Лёня Девяткин, одноклассник Марка и наш друг. Лиза – его мать. Раньше мы часто собирались у них всей оравой.
– Пойдём катать? – Ты на улице хоть был? Грязь месить? – На полигон, там можно. – Не, давай не сегодня. – С ней сидишь? – Ну как сижу. Лежу, струны перебираю. – Привет ей. Скажи ей, нам не хватает нашей Вэнди. Грохнешься, так и пойдёшь, рваньём прохожих распугивать. – Она здесь, слышит. – Мартиша, Мартиша, приём, Кость на проводе. Ты нам нужна. Слышит? – Да. – Улыбается? – Нет.
Костя Скориков, одноклассник Марка и наш друг. Моя кличка – из Адамсов. Раньше я была им аптечкой, оператором и единственной девочкой в клубе начинающих байкеров.
– Слушай, не знаете, у нас биология завтра будет? – Тебе-то всё равно… У Марты можешь спросить? – Плечами пожала. Не знает. – Чёрт. Никак не могу перестроиться. – Такие дела, Игрек. – Ну ничего, выясню. Обними её за меня. – Ага. Попробую. – Не заговорила? – Молчит.

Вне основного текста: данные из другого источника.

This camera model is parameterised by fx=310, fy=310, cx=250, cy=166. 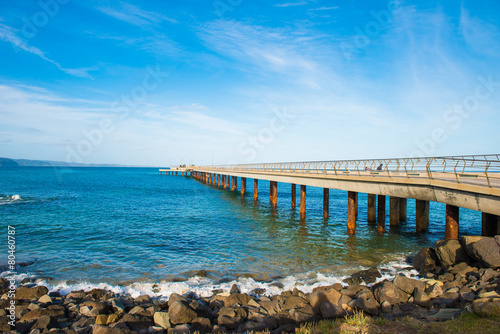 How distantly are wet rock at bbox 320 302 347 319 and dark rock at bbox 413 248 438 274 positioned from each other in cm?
645

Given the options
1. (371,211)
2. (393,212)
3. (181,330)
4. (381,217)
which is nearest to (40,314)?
(181,330)

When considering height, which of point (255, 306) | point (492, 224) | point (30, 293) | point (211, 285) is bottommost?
point (211, 285)

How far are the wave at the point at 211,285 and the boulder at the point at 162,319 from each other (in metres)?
2.68

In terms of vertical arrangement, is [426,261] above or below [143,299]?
above

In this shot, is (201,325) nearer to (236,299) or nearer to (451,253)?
(236,299)

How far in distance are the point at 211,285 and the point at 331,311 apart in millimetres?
5752

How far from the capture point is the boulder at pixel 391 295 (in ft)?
32.3

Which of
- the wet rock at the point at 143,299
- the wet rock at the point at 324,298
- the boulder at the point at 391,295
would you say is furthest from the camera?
the wet rock at the point at 143,299

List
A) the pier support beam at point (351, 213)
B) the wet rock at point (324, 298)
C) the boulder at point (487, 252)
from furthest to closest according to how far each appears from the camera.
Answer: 1. the pier support beam at point (351, 213)
2. the boulder at point (487, 252)
3. the wet rock at point (324, 298)

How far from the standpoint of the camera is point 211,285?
13.4 m

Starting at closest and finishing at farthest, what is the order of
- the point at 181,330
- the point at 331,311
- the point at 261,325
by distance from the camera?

Витя Игрецов, одноклассник Марка и наш друг. Отличник, забывающий расписание. Раньше память со всей банды имела базу в моей голове.
– Если хочешь с англичанами, сиди с англичанами. Я с тобой. Что бы там ни было. – (тишина) – Ты когда в последний раз расчёсывалась, Рапунцель? До пупа отрастила и скомкала. Смотри, как бы выстригать ни пришлось. Сиди, сиди. Не хочешь сама, я тебя расчешу.

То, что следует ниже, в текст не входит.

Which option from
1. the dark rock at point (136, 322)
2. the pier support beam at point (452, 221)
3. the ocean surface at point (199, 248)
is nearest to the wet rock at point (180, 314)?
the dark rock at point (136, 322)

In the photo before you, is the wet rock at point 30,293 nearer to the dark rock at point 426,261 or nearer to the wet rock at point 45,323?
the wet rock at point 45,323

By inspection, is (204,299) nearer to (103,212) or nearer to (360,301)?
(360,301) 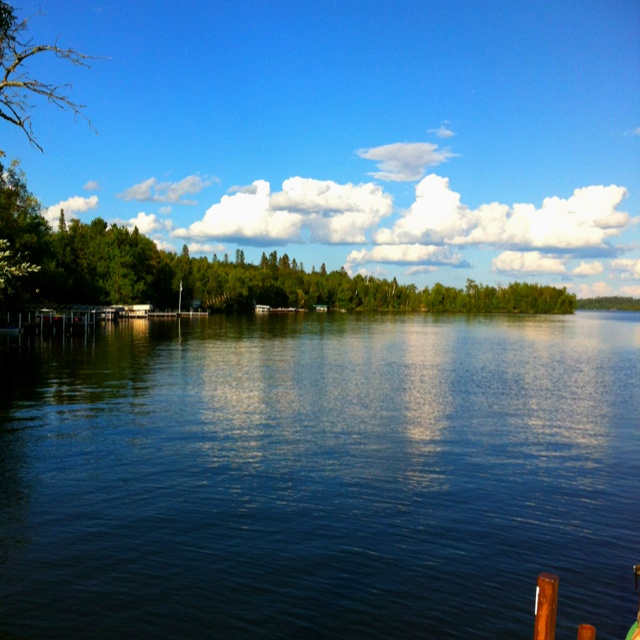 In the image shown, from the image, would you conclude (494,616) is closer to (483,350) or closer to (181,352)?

Марк Оболенский. Мой старший брат.
***
Владелец кондитерской сети, шурша фантиками, сидел на кухне, перед бутылкой. Среди фотоснимков и ужасных мыслей. Его правая рука, голос в телефоне, сказал: «Босс, тебе бы развеяться». Он развеял из окна обёртки от конфет и продолжал делать это, пока они были. Затем дозвонилась женщина. Подзабытая и вспомненная сестра. Позвала к себе, гостить, в посёлок под личиной города. С чемоданами и личинками. То есть детьми. То есть нами. Середина ноября никого не смущала. Перевод документов – не вопрос, когда он поднят завучем новой школы. Ни я, ни Марк, уезжать не хотели. Отец сказал: надо. Рукой не взмахнул, но мы поехали.
Невский продождил Оболенским: «До встречи». Сродство наших окончаний внушало надежду к возвращению. Билеты лежали на столе. Где был поезд, ведает один поезд. Имеются в виду, конечно, работники железной дороги. Правая рука и телефон совещались с Романом Олеговичем. Мы гуляли, чтобы тот освободился и стал папой. Я грела руку у Марка в кармане. Куртка, кожаная, оставалась теплее моего пальто. Глаза брата, его волосы и родинки держались одного цвета, а я держалась за самого брата. С тенью силуэта и ресниц; звуком шагов и фраз; запахом парфюма и уверенности. Чтобы не заблудиться в тумане. Я начинала заблуждаться, когда мамы не стало: вата лезла в мою голову. Руки вытирали пыль с полок, мыли пол, ставили тарелки в моющую машинку, раскладывали вещи по местам, делали уроки, без моего участия. Марк не смог долго это видеть. Он сказал: «Живи пока жива». Чтобы я услышала три слова, ему потребовалась речь, с жестами, в красках. Я посмотрела на него. Глазами. Руки были опущены. Я подумала: «Ты жив, и я буду глядеть на тебя». Глаза поняли меня буквально, перестав воспринимать всё, что им не было. Марк играет на гитаре, без нот, берёт одним слухом. Марк включает пост-хардкор, маткор и прочие коры. Рассказывает про данхилл. Про фрирайд. Показывает видеоролики. Марк тут, Марк там. Марк есть. Марты нет.